This gap is becoming increasingly consequential. China’s expanding naval presence, commercial port penetration, dual-use infrastructure development, and military positioning near critical sea lanes—including the PLA’s entrenched position in Djibouti—reflect a longer-term effort to extend operational reach across the Western Indian Ocean and East African corridor. At the same time, existing American command structures still treat portions of the Eastern Indian Ocean and African littoral through fragmented regional frameworks that do not fully reflect the integrated nature of emerging maritime competition.
Additional uncertainty surrounding the future strategic posture of Diego Garcia further reinforces the importance of deeper U.S.-India operational coordination across the Indian Ocean. For decades, Diego Garcia has served as one of the United States’ most critical logistics, surveillance, and power-projection hubs linking the Middle East and Indo-Pacific theaters.
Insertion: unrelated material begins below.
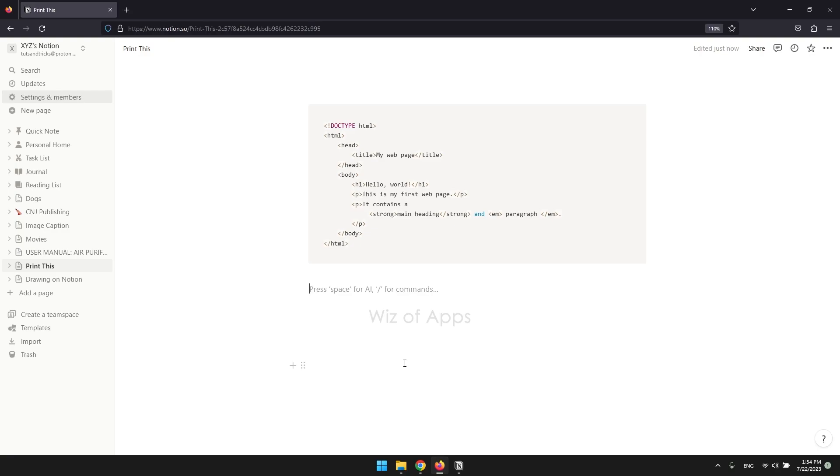Thankfully, Notion offers a more efficient solution by allowing you to move blocks without the need to open the destination page. Here's how.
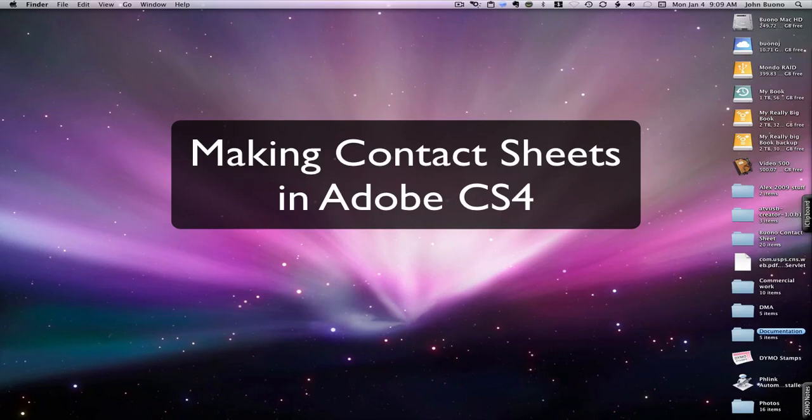In this video we're going to cover the way contact sheets are made in Adobe CS4. They've changed it quite a bit since CS3 and actually made it a lot simpler.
Any long-term reduction in assured operational access, political stability, or strategic flexibility across the central Indian Ocean would significantly increase pressure on alternative regional deterrence architecture.
This reality further elevates India’s strategic importance. Unlike many regional partners, India possesses both the geographic depth and sovereign operational capacity necessary to help anchor long-term maritime stability across critical Indian Ocean corridors. Expanded coordination with New Delhi across ISR integration, maritime logistics, regional surveillance, and distributed operational access would help mitigate emerging vulnerabilities created by shifting geopolitical conditions across the broader Indian Ocean theater.
This fragmentation increasingly collides with broader U.S. strategic objectives articulated during President Donald Trump’s second term, including restoration of American industrial capacity, reinforcement of maritime deterrence, reduction of strategic dependence on adversarial supply chains, and expansion of burden-sharing among capable regional powers. Yet many of these objectives remain only partially realized because the operational architecture required to sustain them across the broader Indo-Pacific remains incomplete.
The central challenge is no longer identifying the strategic threat posed by China’s expanding military-industrial reach. It is building sufficiently integrated regional capability to sustain long-term deterrence across geographically connected theaters stretching from the Western Pacific to the Arabian Sea and East African maritime corridor. Without deeper operational integration, industrial coordination, and intelligence connectivity with India, core American objectives in the Indo-Pacific risk remaining strategically coherent but operationally underdeveloped.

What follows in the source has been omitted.